Consider whether you can fully commit to managing a property yourself as it requires a lot of time and effort. A professional letting agent can be very useful if you live far from the property and can’t easily manage problems or issues that may arise. They also act as useful intermediary when dealing with difficult situations or tenants. If you work full-time then self-management may not be right for you.

The Law

The knowledge and skills needed to be a landlord are considerable and it is important that you’re aware of the law and your responsibilities. For example, if you plan to let to multiple occupants or shared accommodation such as student housing you may require a licence from your local council.

Your tenant’s safety is paramount so you’ll need to keep on top of things such as gas safety checks. Ignorance is not an excuse, and neglecting something that can cause injury or death to your tenants will send the uninformed landlord to jail.


Finding a good tenant is arguably the most important ingredient for successful and sustainable tenancies and there are a number of referencing services available to help you in this regard.

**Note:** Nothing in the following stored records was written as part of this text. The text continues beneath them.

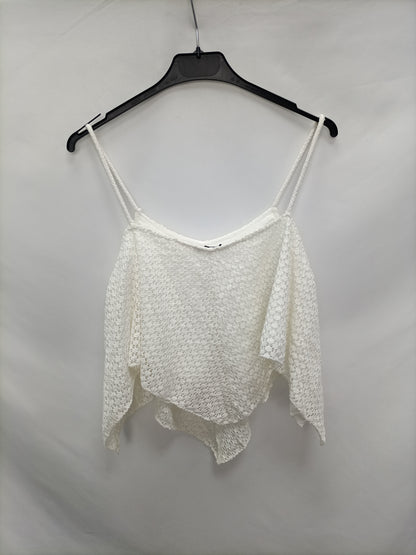 MULAYA. White die-cut top Tm
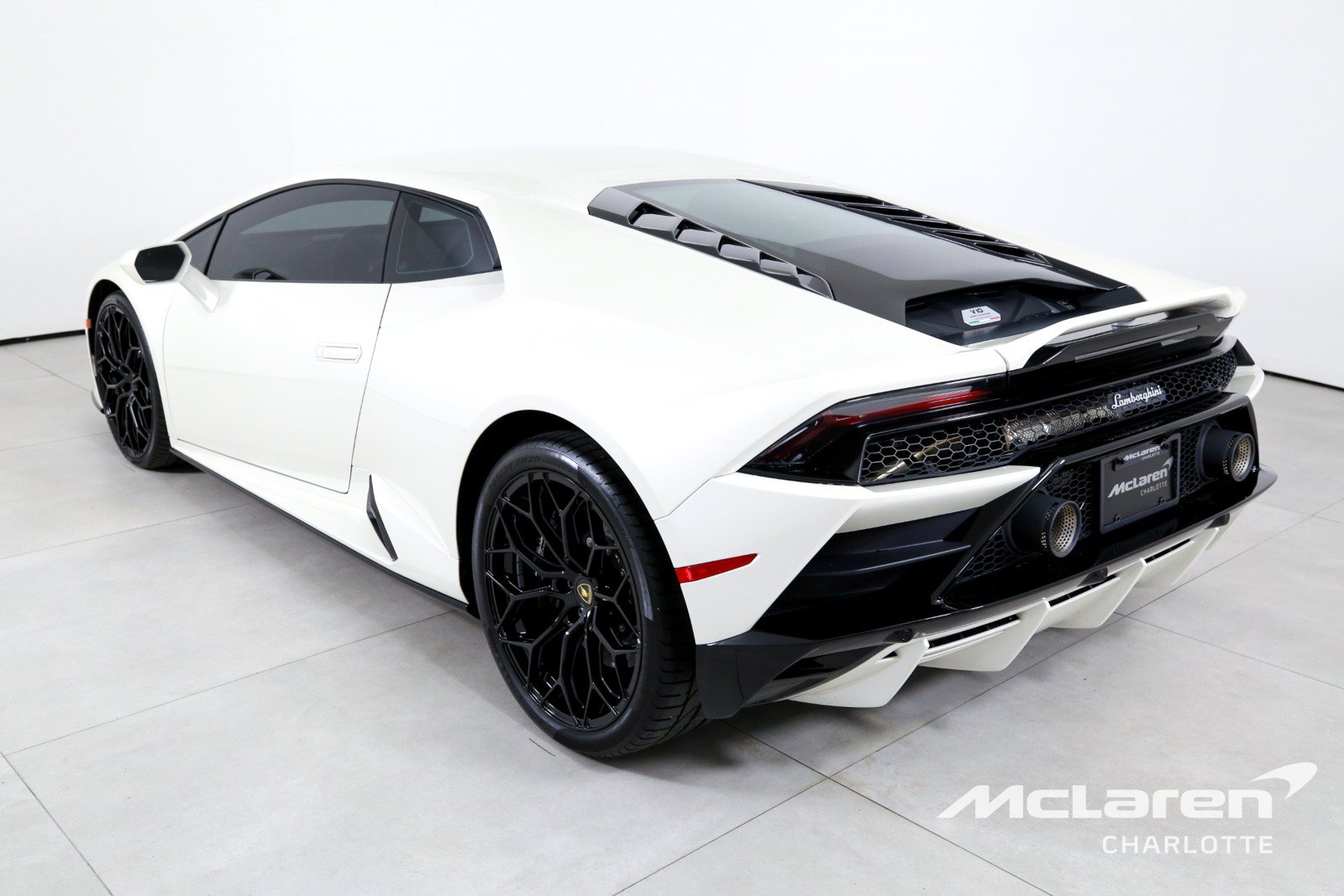 Used 2022 Lamborghini Huracan EVO AWD/4WD image 6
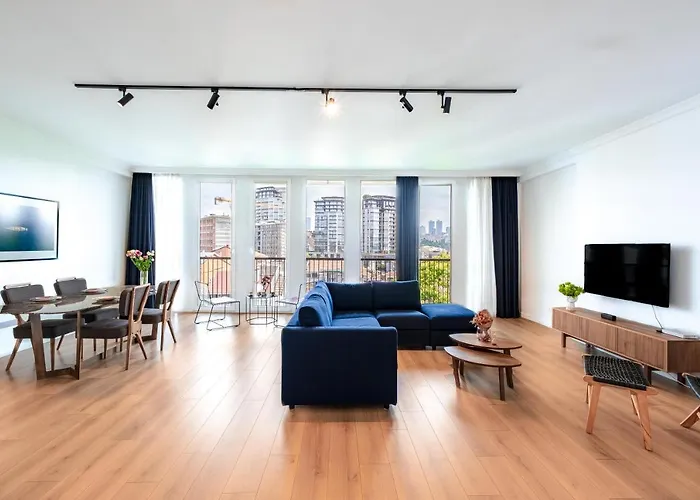 Homie - Luxury In Macka Daire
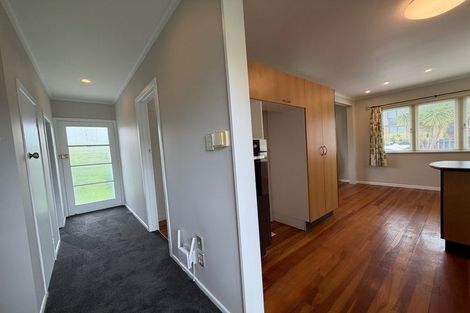 Photo of property in 95 View Road, Henderson, Auckland, 0612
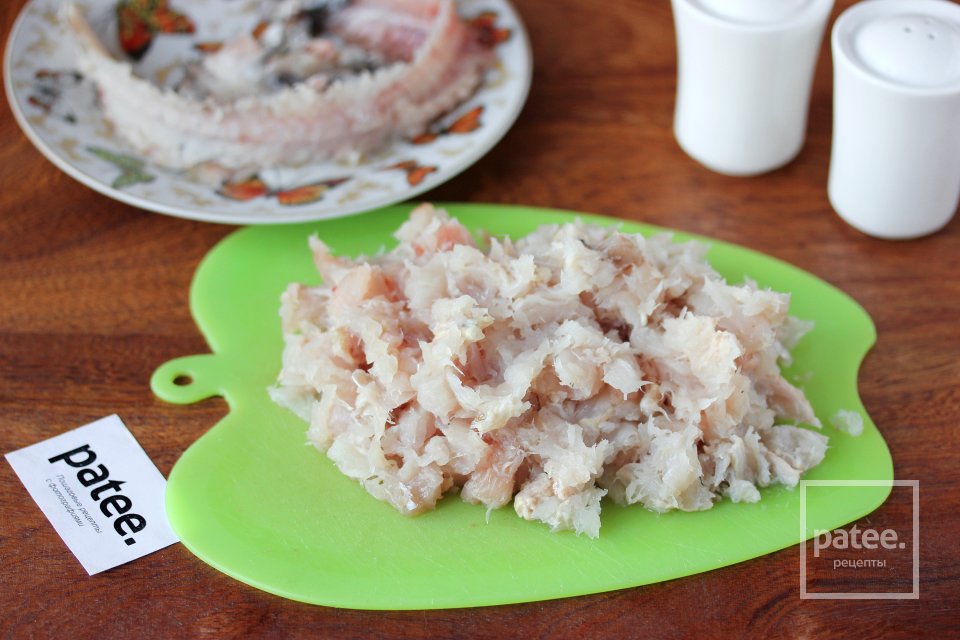 Блины фаршированные рыбой и сыром - Шаг 3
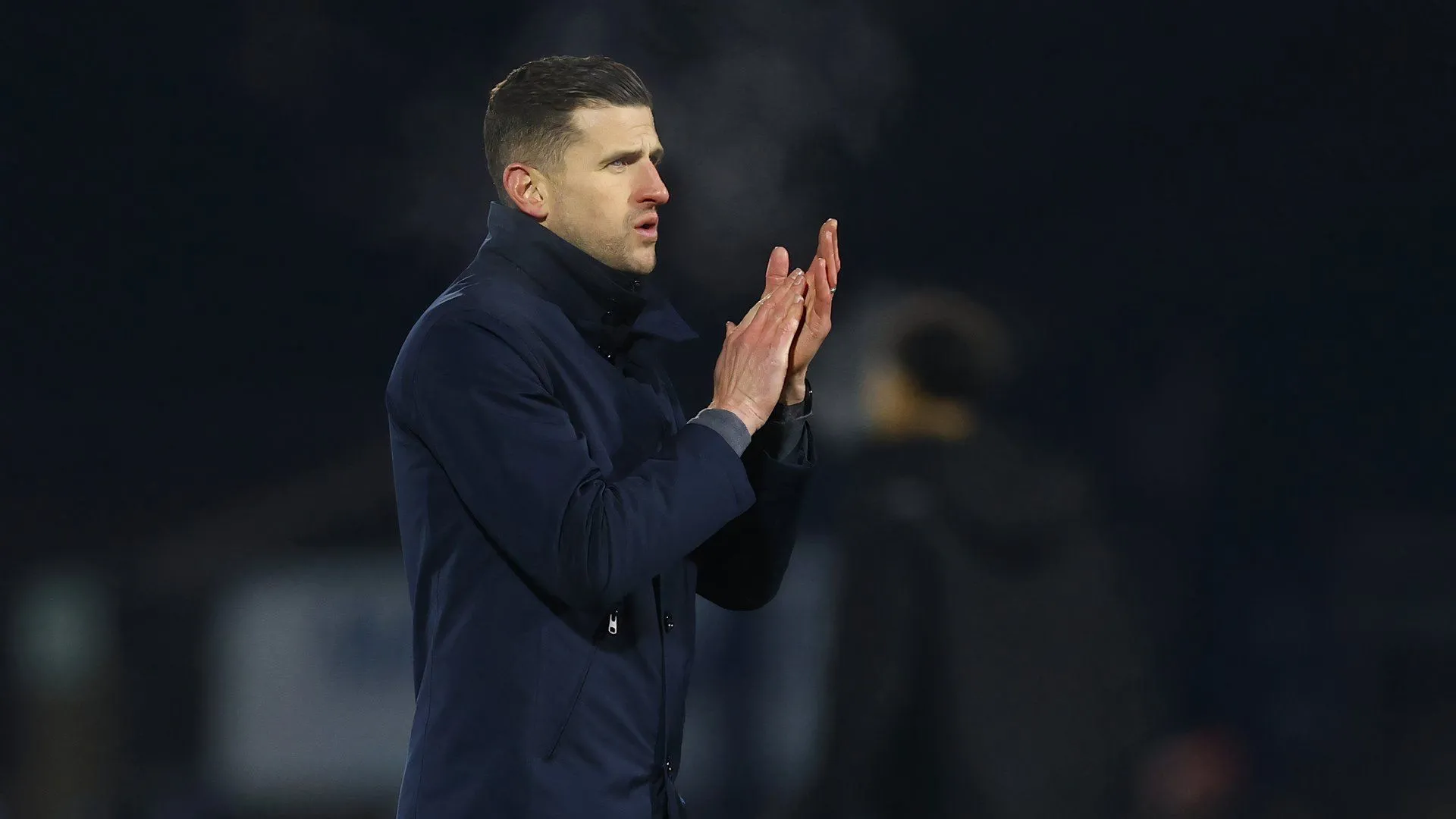 Huấn luyện viên John Mousinho của Portsmouth chỉ đạo trên sân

If available, you’ll also want to check any previous landlord references as these can provide useful insight into things a standard reference won’t be able to assess, such as living habits or behaviour.

Treat it like a business

A rental property is a business and, like any other type of business, the key to survival is maintaining a healthy cash flow. You must have a degree of business acumen or brush up on your basic business knowledge and it’s important to have a plan in place before going it alone.

Make sure you join a trade association such as the NLA which will provide you with the guidance, support and resources you will need to stay on top of your responsibilities, keep up-to-date with legislation, and assist you in your development as a professional landlord offering the very best service for your tenants.

Find out more about the NLA and how to become a member here.

For the latest in letting agent news, please visit the UK Association of Letting Agents (UKALA) Blog.

3 thoughts on “Is Self-Management for You?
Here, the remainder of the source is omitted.